Ariane RISC-V CPU

nickik · on Feb 17, 2018

This effort is part of the PULP Platform [1]. They have a number of cool chips and projects.

Its a pretty large effort and they are releasing more and more of their work into open source. Here [2] you can see what they have already released and their plans going foreward.

Project like LowRisc Open-SoC [3] using some of the smaller PULP cores as minion chips for things like IO offloading, security and so on. They can also reuse a lot of the work done for PULP.

[1] https://www.pulp-platform.org/

[2] https://www.pulp-platform.org/release-plan/

[3] http://www.lowrisc.org/

rwmj · on Feb 17, 2018

The lack of floating point and atomics is an "interesting" choice for a Linux-capable chip. It might run Fedora[1], but would likely require kernel support for emulating floats (as the distro is compiled assuming hard floats) and of course without atomics would only be single core. The README says they plan to add atomics.

At least it supports compressed instructions. There are some actual chips about to be released without the C (compressed) extension, but Fedora and Debian are compiling everything assuming the C extension.

In Fedora news, just today we've got a bootable (but very minimal) RISC-V disk image[2] that you can run in qemu.

[1] https://fedoraproject.org/wiki/Architectures/RISC-V

[2] https://fedorapeople.org/groups/risc-v/disk-images/

azernik · on Feb 17, 2018

Lack of floating point is not so out there - I've worked on several embedded Linux systems that shipped without hardware floating point support, and they didn't suffer much for it. Userspace code got to use floating point with software emulation, and kernel code avoids floating point (especially in contexts where interrupts are blocked) for precisely this use case.

On atomics, see this section of the readme:

> While developing Ariane it has become evident that, in order to support Linux, the atomic extension is going to be mandatory. While the core is currently booting Linux by emulating Atomics in BBL (in a single core environment this is trivially met by disabling interrupts) this is not the behavior which is intended. For that reason we are going to fully support all atomic extensions in the very near future.

baobrien · on Feb 17, 2018

The SiFive chips (the microcontroller grade FE310 and closer to SoC FU540) both implement the C extension. The FE310 is RV32IMAC and the FU540 is RV64GC. Of course, you can't really hook external ram up to the FE310, and it doesn't have a TLB anyway, so no practical Linux there.

rwmj · on Feb 17, 2018

The SiFive FU540 is what Fedora is targeting initially. They have actual ASICs: https://rwmj.wordpress.com/2018/02/03/sifive-unleashed-board...

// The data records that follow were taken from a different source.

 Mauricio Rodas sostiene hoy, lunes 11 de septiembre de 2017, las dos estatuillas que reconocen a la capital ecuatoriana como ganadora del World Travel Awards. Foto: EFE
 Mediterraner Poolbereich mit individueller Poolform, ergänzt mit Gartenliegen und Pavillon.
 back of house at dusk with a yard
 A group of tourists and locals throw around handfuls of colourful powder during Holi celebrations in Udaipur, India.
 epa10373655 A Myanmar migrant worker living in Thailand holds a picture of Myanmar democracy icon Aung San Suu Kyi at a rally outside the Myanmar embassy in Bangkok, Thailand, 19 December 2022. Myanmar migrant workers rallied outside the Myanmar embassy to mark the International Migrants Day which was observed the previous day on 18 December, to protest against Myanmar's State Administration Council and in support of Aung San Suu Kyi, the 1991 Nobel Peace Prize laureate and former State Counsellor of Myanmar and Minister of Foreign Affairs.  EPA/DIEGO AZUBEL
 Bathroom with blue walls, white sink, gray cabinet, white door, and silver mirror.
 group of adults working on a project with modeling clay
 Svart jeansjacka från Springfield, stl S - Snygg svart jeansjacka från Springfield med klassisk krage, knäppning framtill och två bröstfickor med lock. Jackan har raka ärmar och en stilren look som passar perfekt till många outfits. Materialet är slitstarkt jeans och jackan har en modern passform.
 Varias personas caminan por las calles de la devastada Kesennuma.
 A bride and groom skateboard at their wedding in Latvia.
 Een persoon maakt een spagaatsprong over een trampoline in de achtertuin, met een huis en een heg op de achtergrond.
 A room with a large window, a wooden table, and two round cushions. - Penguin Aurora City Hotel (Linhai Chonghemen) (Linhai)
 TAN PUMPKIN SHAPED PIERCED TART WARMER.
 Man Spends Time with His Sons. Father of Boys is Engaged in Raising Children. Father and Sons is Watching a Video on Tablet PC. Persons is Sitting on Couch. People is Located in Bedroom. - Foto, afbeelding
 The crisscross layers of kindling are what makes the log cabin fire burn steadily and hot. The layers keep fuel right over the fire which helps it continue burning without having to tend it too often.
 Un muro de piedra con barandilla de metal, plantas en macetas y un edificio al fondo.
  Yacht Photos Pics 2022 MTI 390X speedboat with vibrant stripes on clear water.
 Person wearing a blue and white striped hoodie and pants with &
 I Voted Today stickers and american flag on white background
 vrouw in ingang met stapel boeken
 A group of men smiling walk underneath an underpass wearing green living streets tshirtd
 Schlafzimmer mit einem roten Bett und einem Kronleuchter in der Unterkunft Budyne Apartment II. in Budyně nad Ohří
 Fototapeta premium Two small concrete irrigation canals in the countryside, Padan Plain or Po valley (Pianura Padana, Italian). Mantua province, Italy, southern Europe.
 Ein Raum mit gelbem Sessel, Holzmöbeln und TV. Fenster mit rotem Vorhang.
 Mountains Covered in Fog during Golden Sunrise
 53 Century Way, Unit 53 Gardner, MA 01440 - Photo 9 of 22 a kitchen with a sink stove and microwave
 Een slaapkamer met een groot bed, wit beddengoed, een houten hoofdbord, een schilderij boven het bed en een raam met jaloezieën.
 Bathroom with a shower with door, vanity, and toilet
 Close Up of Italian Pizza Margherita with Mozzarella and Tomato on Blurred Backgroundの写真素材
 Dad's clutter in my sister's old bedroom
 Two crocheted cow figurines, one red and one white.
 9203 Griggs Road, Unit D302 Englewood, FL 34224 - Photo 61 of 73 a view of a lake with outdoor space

justinclift · on Feb 17, 2018

Any idea which FMC standard is used on the board?

Haven't found any docs/info about it so far. :(

Looking at the photo's on the announcement, your blog (etc), it doesn't look like the HPC nor Vita57 pin-out versions, so guessing it's an LPC version?

baobrien · on Feb 18, 2018

Like rwmj says, ask somebody at SiFive -- but if I had to guess, I'd say it only breaks out some low speed IO/GPIO lines and a few chiplink lanes. That is to say if you want anything high speed, you're going to have to go through an FPGA board.

rwmj · on Feb 17, 2018

Hi Justin, long time no see. I don't know the answer. But please ask either DJ Delorie or better still the SiFive team. It's definitely only a very narrow selection of boards, and very likely $random_board you buy will not work.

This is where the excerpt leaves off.